Silence de la pulsion
Comment l’épreuve du manque-à-être que constitue la parole est-elle susceptible de produire cette rectification de l’état constant de satisfaction, qui résonne avec le silence de la pulsion ?
Éric Laurent, dans son texte « La traversée, le littoral et la marque4 », cite Lacan qui disait que la fin de l’analyse se produit « quand on a deux fois tourné en rond, c’est-à-dire, retrouvé ce dont on est prisonnier5 ». Que peut donc désigner ce « deux fois tourné en rond » énigmatique, eu égard à une longue analyse où les tours de la demande sont multiples avant de pouvoir serrer l’objet a comme enforme de l’Autre6 ?
Deux bouches pour un sujet
À partir de la clinique, É. Laurent s’interroge sur le recouvrement régressif des « deux bouches du sujet7 » : la bouche qui mange et la bouche qui demande. Comment faire pour que l’analyse ne se termine pas sur l’objet oral ? Cela dépend évidemment de la direction de la cure. Comment le transfini de la demande peut-il se résoudre ? Dans « L’étourdit8 », Lacan distingue le terme d’une analyse et sa fin, dans la mesure où seule la fin permettrait d’extraire un savoir sur l’opération analytique. Du symptôme au fantasme, la jouissance insiste, pousse – Ça urge ! Le sinthome vient nommer le mode de jouissance singulier d’un parlêtre. L’élucubration de savoir ne suffisant pas, l’accent est mis sur la satisfaction de la fin.
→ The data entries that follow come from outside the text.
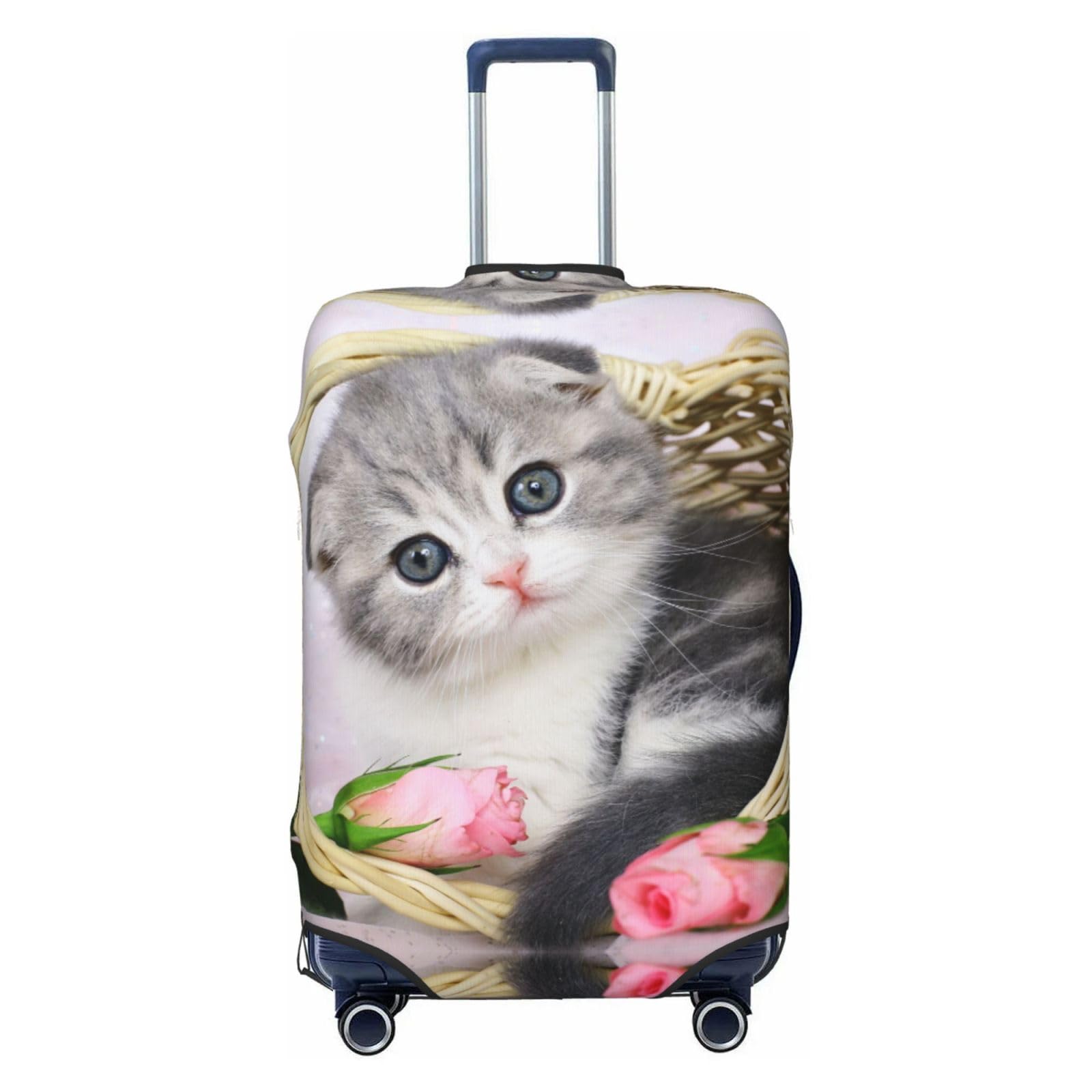 Miniks Reisegepäckhülle mit niedlicher Katze im Korb mit Rose, robuster Koffer-Schutz, passend für 45,7 - 81,3 cm große Gepäckstücke, Größe XL, Schwarz, X-Large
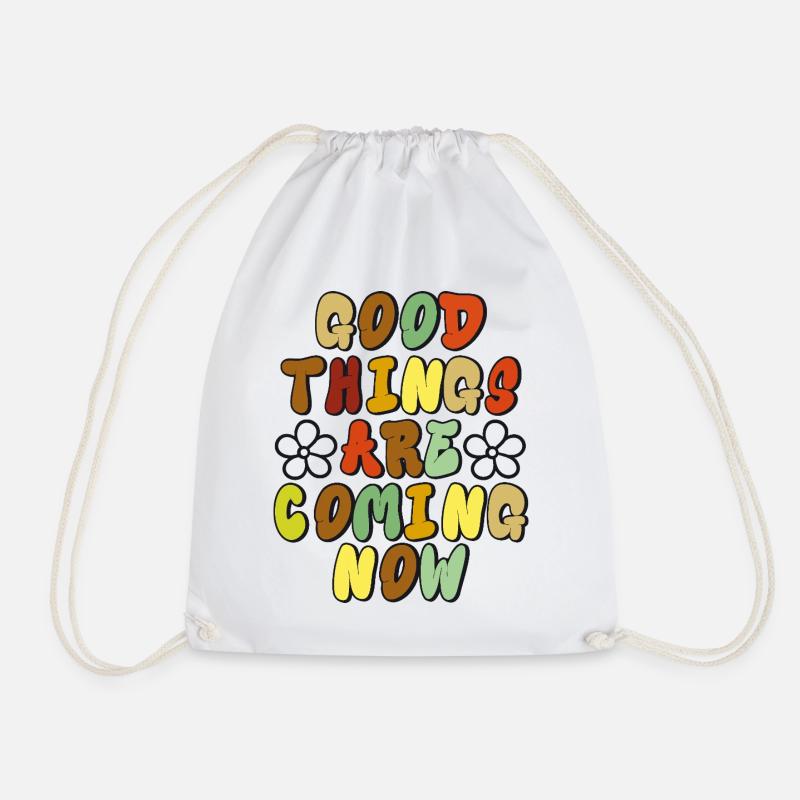 Good Things - Optimistisches Retro-Design - Turnbeutel - Weiß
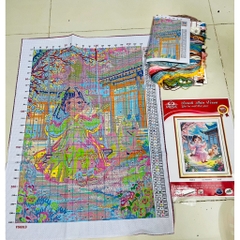 Tranh thêu kín cô gái VS8913, kích thước 50 x 67 cm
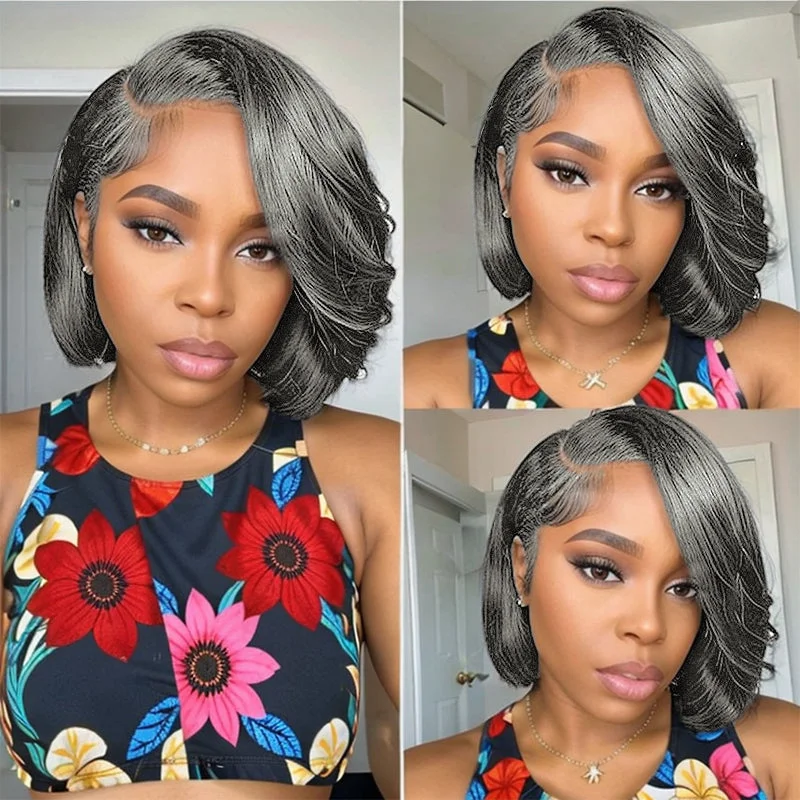 Trendy Design| Salt and Pepper Grey Glueless Wavy Bob 5x5 HD Lace Front Human Hair Wig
Pour Lacan, ce qui se dit à partir de l’inconscient participe de l’équivoque. C’est l’équivalence du son et du sens qui lui a permis d’avancer que l’inconscient était structuré comme un langage. En percutant le sens joui, l’équivoque peut produire un passage soudain du sens au non-sens. Le fantasme ouvre alors sur un au-delà des fictions de l’être, et de l’objet a qui donnait forme à la jouissance. Reste une jouissance informe, innommable.
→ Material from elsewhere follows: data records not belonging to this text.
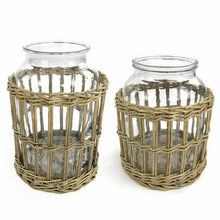 Load image into Gallery viewer, Tall Woven Willow and Glass Canister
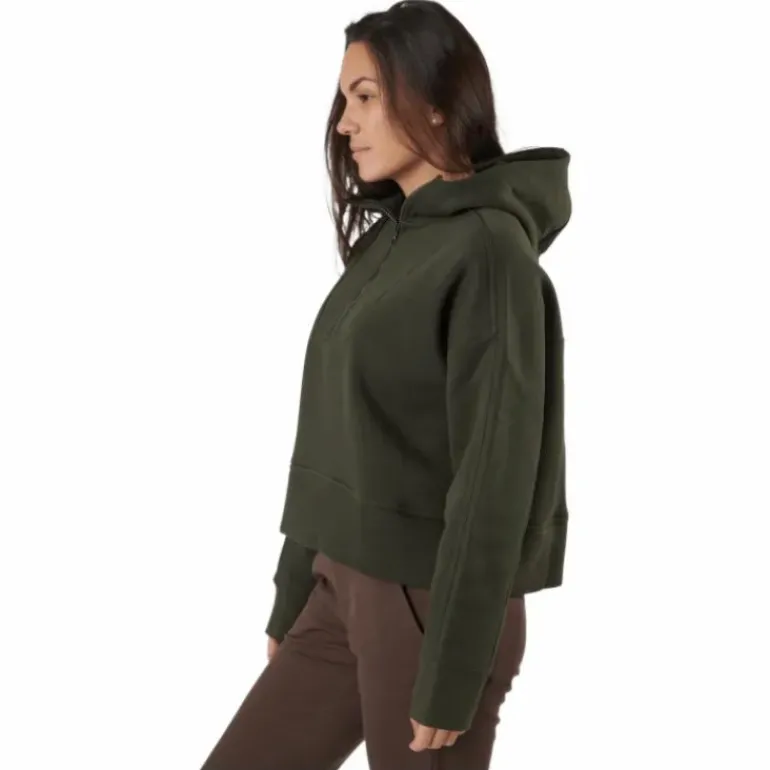 Oversized Zip Hood Forest Green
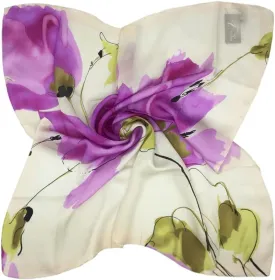 Women's Graphic Print 100% Silk, Silk Scarf Square, 33X33 Inches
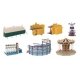 Funfair Set -- Kit - Includes 7 Structure Kits - Includes Motors for Rides, HO, Faller Gmbh 140460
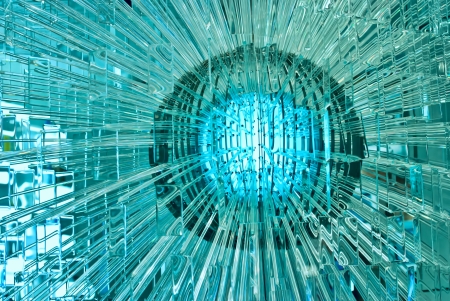 Abstract glass ball with multiple reflections.の写真素材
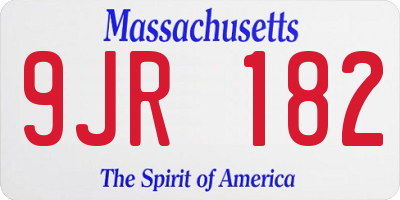 MA license plate 9JR182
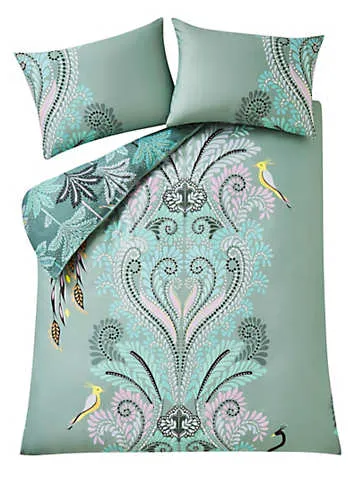 Sara Miller Peacock Filigree 100% Cotton Sateen 220 Thread Count Duvet Cover Set | Kaleidoscope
Saisir ce qui ne parle pas
Comment saisir ce qui ne parle pas, si ce n’est par le réel de la lettre ? Le sujet est un effet de langage, mais c’est « un effet de vide9 ». Faire valoir la différence entre tacere (se taire) et silere10 élève le silence à la dignité de l’acte analytique. Cela suppose le vidage de cette jouissance orale qui, se refermant sur elle-même, obturait la place vide de l’analyste.
Marie-Hélène Blancard
[1]. Miller J.-A., « L’orientation lacanienne. Silet », enseignement prononcé dans le cadre du département de psychanalyse de l’université Paris 8, cours du 23 novembre 1994, publié dans Horizon, n°65, octobre 2020, « À partir du silence », p. 28.
[2]. Ibid., p. 27.
[3].Ibid., p. 22.
[4]. Laurent É., « La traversée, le littoral et la marque dans une psychanalyse », La Cause du désir, n°118, p. 181.
[5]. Ibid. et cf. Lacan J., Le Séminaire, livre XXV, « Le moment de conclure », leçon du 10 janvier 1978, inédit.
[6]. Ibid., p. 185.
[7]. Laurent E., « Les deux bouches du sujet », Analytica, vol. 45, Le Champ freudien, 1986, p. 43-47.
[8]. Cf. Lacan J., « L’étourdit », Autres écrits, Paris, Seuil, 2001.
[9]. Lacan J., Le Séminaire, livre XIV, La Logique du fantasme, texte établi par J.-A. Miller, Paris, Seuil & Le Champ freudien, 2023, p. 257.
[10]. Cf. Lacan J., Le Séminaire, livre XII, Problèmes cruciaux pour la psychanalyse, texte établi par J.-A. Miller, Paris, Seuil & Le Champ freudien, 2025, p. 221.